Pasaport denilen seyahat belgesini icat etmiş. Her egemen kendi işgalindeki toprak parçasının sakinlerine onların sınırın ötesindekilerden farklı olduğunu telkin etmiş (biz) ve zamanla onları buna inandırmış. “Yabancılar”ın kendi vatandaşlarının yaşadığı topraklarla ilgili “kirli emelleri” olduğunu veya “yabancıların işgal ettiği” toprakların aslında onlara ait olduğunu telkin etmiş. Böylece “milli güvenlik” denilen “ucube” doğmuş. Egemenler bizzat yarattıkları tehlikeleri defetmek için halklarından insan gücü ve kaynak talep etmeye ve insanların üretiminin önemli bir bölümünü gasp edip harcamaya başlamış.

Yukarıdaki anlatım günümüz dünyasının hayli gerçekçi bir tasviri. Peki dünya hep böyle miydi? Ne yazık ki tarih boyunca siyasî veya gayri siyasî sebeplerle insanlar kitleler hâlinde birbirine saldırdı. Savaşlar oldu. Katliamlar ve soykırımlar yapıldı. Ancak tarihin hiçbir zaman dilimi bu bakımdan 20. yüzyıl ile yarışamaz. Savaşlar hiçbir zaman 20. yüzyıldaki kadar korkunç ve geniş çaplı olmadı. 20. yüzyıl savaşı kitleselleştirdi ve kitle imha silahlarıyla cephe ötesine taşıdı. Orduların savaşı bitti, topyekûn savaş çağı doğdu. Artık devletler dev ordular besliyor. Toplumlar orduların hizmetkârına dönüşmüş vaziyette. “Milli güvenlik”, “milli çıkar” gibi muğlak kavramlar çoğu zaman devletlerin toplumlarını terbiye etme ve sömürme araçları. “Kamu yararı” kavramı da benzer bir fonksiyona hizmet etmekte ve her ne hikmetse hep güçlülerin ve zenginlerin menfaatine tecelli etmekte. Toplumlar devlet ideolojisinin yarattığı sembollerle hipnotize olmakta ve sunî bir ulus devletler dünyasında ömrünü heder etmekte.
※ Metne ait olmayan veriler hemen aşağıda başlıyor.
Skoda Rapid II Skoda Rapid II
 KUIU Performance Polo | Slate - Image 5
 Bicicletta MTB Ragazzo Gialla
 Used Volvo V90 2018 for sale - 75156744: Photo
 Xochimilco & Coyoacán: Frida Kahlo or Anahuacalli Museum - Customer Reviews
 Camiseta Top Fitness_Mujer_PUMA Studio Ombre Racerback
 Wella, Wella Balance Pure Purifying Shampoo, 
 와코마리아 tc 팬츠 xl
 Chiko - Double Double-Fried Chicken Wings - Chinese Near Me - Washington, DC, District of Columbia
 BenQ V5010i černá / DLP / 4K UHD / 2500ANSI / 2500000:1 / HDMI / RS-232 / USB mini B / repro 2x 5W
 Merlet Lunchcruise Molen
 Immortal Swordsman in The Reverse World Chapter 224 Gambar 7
Bütün bu düşünceler, Şanlıurfa’nın Suruç ilçesinin kapalı Suriye sınır kapısı Mürşitpınar’da bir grup Suruçlu dostla dikilip sınırın öte tarafını gözlerken aklımdan aktı. Harran Adalet ve Hukuk Derneği’nin davetlisi olarak bir dizi entelektüel faaliyet için Şanlıurfa’ya gitmişken, Suruç’a da uğradım. Kapı, Suruç’a sadece 10 km mesafede. Sulanmaya hazırlanan münbit ovada otomobille beş dakikada varılan sınıra yaklaştıkça insanı hüzün basıyor. Sınırda ilk dikkat çeken şey dikenli teller. Bana refakat eden dostlar tellerin Türkiye tarafındaki arazinin mayınlı olduğunu söyledi. Sınır karakoluna 50-100 metre kala araçtan inip sınıra yürüyünce sınır karakolunda görevli nöbetçi eri telaş basıyor. Şaşkın ve endişeli. ‘Bu insanlar burada ne arıyor’ diye düşünüyor, besbelli. Birileri hatıra fotoğrafı çektirmeye başlayınca “yasak” diye bağırıyor. Onu üzmemek için insanlar dikkatli.

Sınırın öte tarafında bir Suriye kasabası. Suruç halkı gibi onun halkı da Kürt. İki tarafta akrabalar var. Durum trajikomik. Sinan Çetin’in Propaganda filminin gerçek bir versiyonuyla karşı karşıyayız. Anlaşılan bir sabah uyanınca ailelerin bir kısmı o tarafta bir kısmı bu tarafta kalmış. Suruçlu akraba ziyareti için 10 km yolculuk yapmak yerine en yakın sınır kapısından Suriye’ye girip neredeyse 200 km yol kat ediyor. Yani sınır kapısı kapalı. Niye? Arazide doğal bir engel yok. Ne aşılmaz bir dağ, ne geçilmez bir vadi mevcut. Bir topu hızla yuvarlasanız Suriye kasabasının kenar mahallelerinde durur. Ama sınır kapalı. Mallar ve insanlar bir taraftan öbürüne geçemiyor. Çünkü egemen devlet(ler) böyle buyuruyor.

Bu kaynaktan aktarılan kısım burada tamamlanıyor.